Government of the Republic of Turkey (1973-1974)
The 36th government of Turkey (15 April 1973 – 26 January 1974) was a government in the history of Turkey. It is also called the Talu government.

==Background ==
After Fahri Korutürk was elected the president of Turkey, the previous prime minister Ferit Melen resigned. Korutürk appointed Naim Talu, an independent who had been the Minister of Commerce in the Melen government, as the new prime minister.
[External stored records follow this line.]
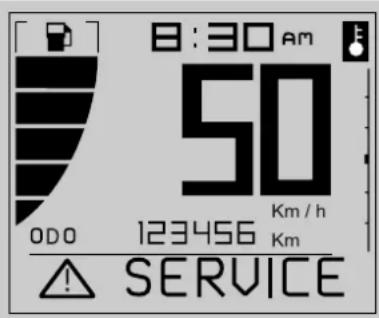8:30 am 50 0DO 123456 Km/h Km KM ⚠️ SERVICE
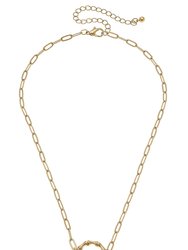 Jenny Delicate Bamboo Necklace in Worn Gold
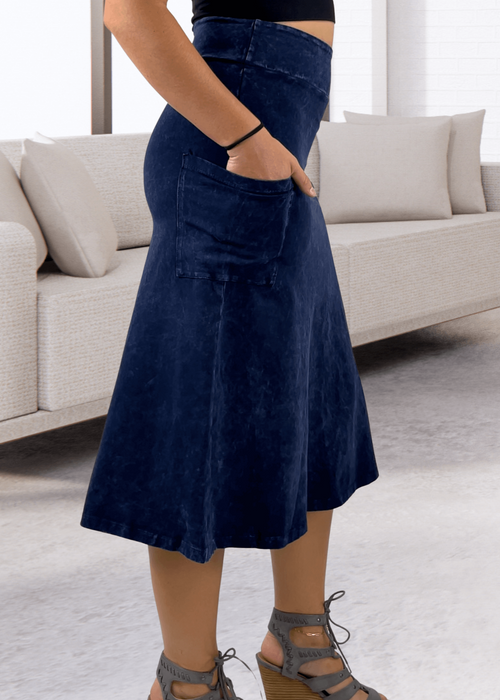 Alyssa Very Versatile Cotton Skirt in Dark Denim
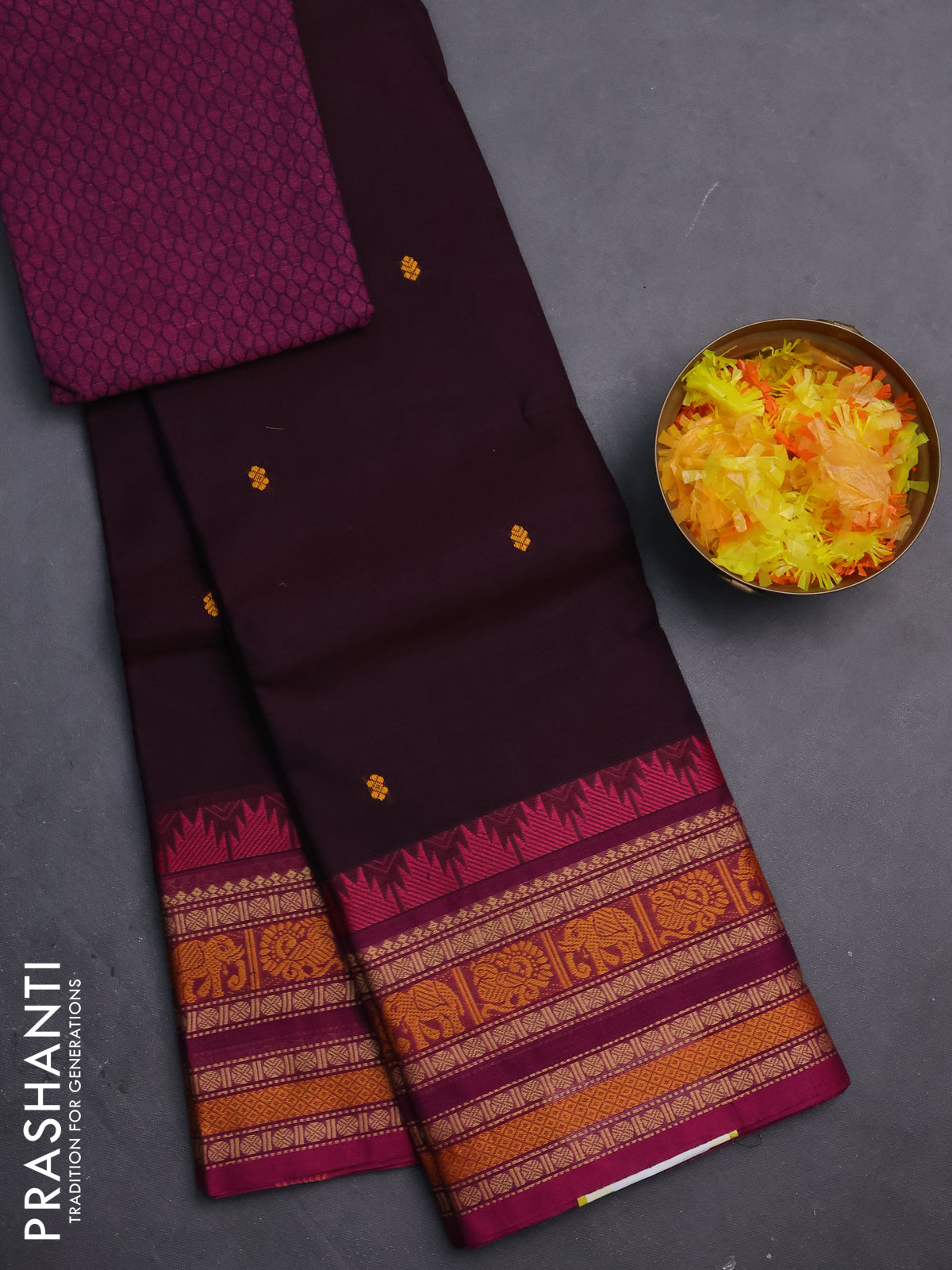 Chettinad cotton saree wine shade and dark magenta pink with thread woven buttas and thread woven border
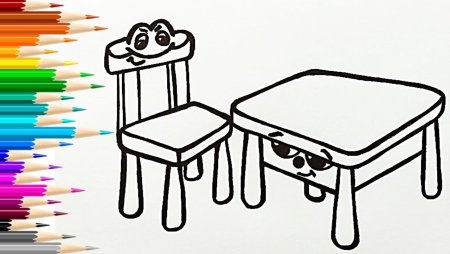 Стол и стул раскраска для детей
Naim Talu formed his government with the support of the Justice Party (AP) and the Republican Reliance Party (CGP).

==The government==

| Title | Name | Party |
| Prime Minister | Naim Talu | Indep |
Minister of State
| Kemal Satır | CGP |
| Nizamettin Erkmen | AP |
| İlhan Öztrak | Indep |
| İsmail Hakkı Tekinel | Indep |
| Ministry of Justice | Hayri Mumcuoğlu | Indep |
| Ministry of National Defense | İlhami Sancar | CGP |
| Ministry of the Interior | Mukadder Öztekin | Indep |
| Ministry of Foreign Affairs | Ümit Haluk Bayülken | Indep |
| Ministry of Finance and Customs | Sadık Tekin Müftüoğlu | AP |
| Ministry of National Education | Orhan Dengiz | AP |
| Ministry of Public Works | Nurettin Ok | AP |
| Ministry of Construction and Settlement | Nebil Oktay | CGP |
| Ministry of Health and Social Security | Vefa Tanır | CGP |
| Ministry of Agriculture | Ahmet Nusret Tuna | AP |
| Ministry of Village Affairs | Orhan Kürümoğlu | AP |
| Ministry of Forestry | İsa Bingöl | AP |
| Ministry of Transport | Sabahattin Özbek | Indep |
| Ministry of Labour | Ali Naili Erdem | AP |
| Ministry of Commerce | Ahmet Türkel | AP |
| Ministry of Industry and Technology | Nuri Bayar | AP |
| Ministry of Customs and Monopolies | Fethi Çelikbaş | CGP |
| Ministry Tourism | Ahmet İhsan Kırımlı | AP |
| Ministry of Energy and Natural Resources | Kemal Demir | CGP |
| Ministry of Youth and Sports | Celalettin Bingöl | AP |

==Aftermath==
The government ended by the general elections held on 14 October 1973.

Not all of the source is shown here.